I've noticed a few posts on the forum about cups. If you buy good coffee you want something nice to drink it out of. Here is my cup collection, including 6 new espresso cups and saucers from Caffe Ginevra. The other espresso and cappuccino cups are from Bei & Nannini in Lucca while the two little espresso cups on the right I got recently in Italy. Forget 'upgraditis', I have 'coffeecupitis'!

Interested to see other cup collections!


----------



## Outlaw333 (Dec 13, 2011)

I'm a massive d'Ancap fan, their cups are just stunning to hold, behold, pour and drink coffee from! Their patterned stuff is lovely but way out of my cup budget! That said, I'm a fan of simplicity and you just can't beat plain white porcelain!


----------



## FDC (Jan 7, 2012)

I agree, d'Ancap are lovely cups. I do like the simple white however. Good size, weight and size of handle. Just enjoyed a nice espresso out of one. I could be in Italy!


----------



## Outlaw333 (Dec 13, 2011)

Check out Coffee hit, they have most of the d'Ancap Palermo range, which are what i have except the espresso and latte cups for which i decided on Inker. Fancy latte cups are a waste of time anyway as the only ones using them are the odd latte drinking guest!

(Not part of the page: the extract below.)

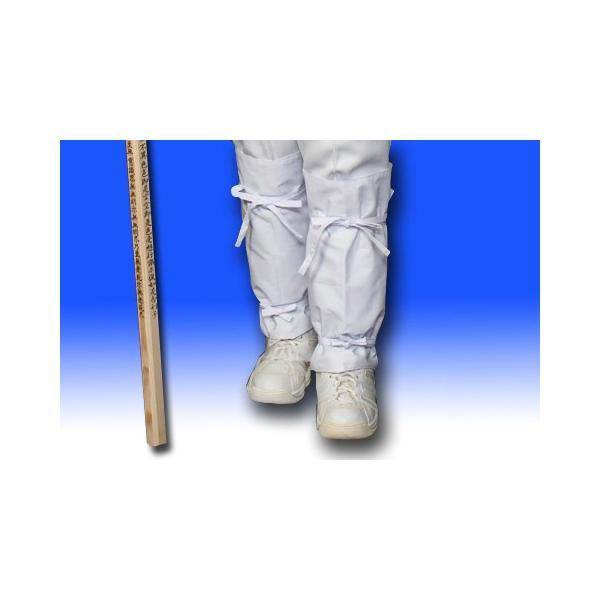 お遍路用の脚半（きゃはん）です。防寒、日焼け、虫除けとして足を保護します。お遍路の時に裾を押さえることで動きやすく、怪我の防止にもなります。脚半の幅の広い方を上にして、ズボンの上から膝下からスネに沿って被せます。まず膝下の紐をぐるっと回して...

Its a good time to be alive isn't it!

In Italy though, going on what people have said, you will struggle to find a place doing great coffees! Funny really, the birthplace of espresso being overtaken by the likes of us! I think places do exist but you have to seek them out.


----------



## FDC (Jan 7, 2012)

Strange, the first coffee I had in Italy was a few years ago in Florence. Stupidly went to a cafe on one of the piazza's and had a rubbish cappuccino at about 5 euros. Great location though. Couple of days later, nipped in to some little cafe in some little back street and had a stunning espresso for about 1 euro. I guess like many places, avoid the tourist centre and seek out the little traditional places where the locals go. There is something magical however about sitting outside a little cafe in Italy drinking coffee wathching the world go by. La dolce vita indeed!!


----------